Conveyancing Guide

EOFY Considerations for Property Investors

How the end of the financial year connects to conveyancing decisions, from when a sale is recorded for tax purposes to what your accountant will ask for.

The lead-up to the end of the financial year is when most property investors think seriously about tax, but the conveyancing side of that thinking is often overlooked. When a sale settles, what a contract date actually locks in for tax purposes, and what records your accountant will ask for, all connect back to decisions made during the conveyancing process rather than after it. Getting this right before 30 June can save a genuinely stressful scramble once your accountant starts asking questions.

Why EOFY Matters Even If You Are Not Selling

Even investors with no plans to sell should use the EOFY period to review their holding costs, loan structure and any planned maintenance or improvement work. Repairs completed and paid for before 30 June are generally treated differently to a capital improvement started but not finished, and this distinction affects how the expense is claimed. If you are considering refinancing an investment property to release equity for a new purchase, EOFY is also a sensible time to review your loan structure with your broker, since interest deductibility depends on how the funds are used, not just which property secures the loan.

Timing a Sale Around 30 June

A common misunderstanding is that settlement date determines which financial year a sale falls into for capital gains tax purposes. In most cases it is the date you enter into the contract of sale, not the settlement date, that fixes the timing of the capital gains tax event. This means a contract signed in June with a September settlement is still generally treated as a sale in the financial year the contract was signed, even though no money has changed hands yet. This is general information rather than tax advice, and the specifics can vary with your situation, so it is worth confirming the treatment of your particular sale with your accountant before you exchange, not after.

Capital Gains Tax and Record Keeping

Whether a sale is treated as a capital gain or a capital loss, and how much of it is assessable, depends heavily on records that often sit with your conveyancer rather than your accountant, including settlement statements, stamp duty paid on purchase, and costs of any improvements made over your period of ownership. The ATO's guidance on capital gains tax when selling a rental property sets out what generally counts toward your cost base, and gathering this paperwork during the conveyancing process, rather than trying to reconstruct it months later, makes tax time considerably more straightforward. Our guide to tax time record keeping for property investors goes through this in more depth.
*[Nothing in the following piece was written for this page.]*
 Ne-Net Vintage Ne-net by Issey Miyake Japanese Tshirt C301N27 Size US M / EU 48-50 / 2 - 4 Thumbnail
Converting a Home Into a Rental, or a Rental Into a Home

Investors who have lived in a property before renting it out, or who are considering moving into a former rental, should be aware that the main residence exemption has its own rules around timing and continuous ownership, covered in the ATO's page on eligibility for the main residence exemption. Changes of this kind are exactly the sort of thing worth flagging to your conveyancer at the time they happen, since the date a property changes use can matter as much as the date it changes hands.
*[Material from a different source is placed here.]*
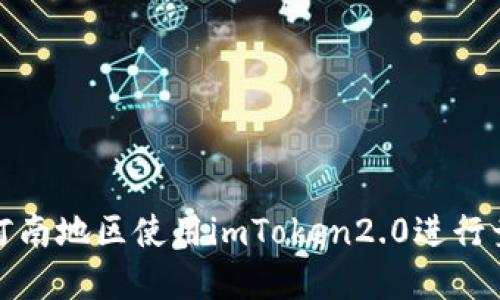 如何在河南地区使用imToken2.0进行竞价操作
Land Tax Runs on a Different Calendar

It is worth remembering that land tax is a state based, calendar year assessment in most jurisdictions, and is entirely separate from the financial year that governs income tax and capital gains tax. Ownership of a property at a particular midnight, rather than at 30 June, is generally what determines who is liable for land tax on it in a given assessment year, and this date differs from state to state. Investors sometimes assume EOFY planning covers land tax as well as income tax, and end up caught out by an assessment landing on the wrong side of a settlement date for entirely separate reasons. Confirming the relevant date with your conveyancer at the time of purchase avoids this confusion later.

Buying Before or After 30 June

Investors occasionally ask whether it is worth rushing to settle a residential purchase before 30 June to claim a few extra days of interest and holding cost deductions in the current financial year. In practice the benefit is usually marginal, since deductions only start once you actually own the property and it is genuinely available for rent, and rushing a settlement to hit an arbitrary date increases the risk of skipped due diligence. It is generally more valuable to complete a thorough investment property due diligence checklist properly than to shave a settlement date by a week for a small tax outcome.

Working With Your Accountant and Conveyancer Together

The investors who get the most value from EOFY planning are the ones who let their conveyancer and accountant talk to each other, or at least share the same settlement figures and contract documents, rather than treating conveyancing and tax as two unconnected processes. If you are purchasing property through a self managed super fund, this coordination becomes even more important, since our article on SMSF property purchase conveyancing considerations explains how the structure of the purchase itself needs to satisfy both compliance and lending requirements from day one.

None of this replaces personalised tax advice, but understanding how conveyancing timing and tax timing interact means fewer surprises when your return is finally prepared, and a clearer picture of what to organise before the financial year closes rather than after.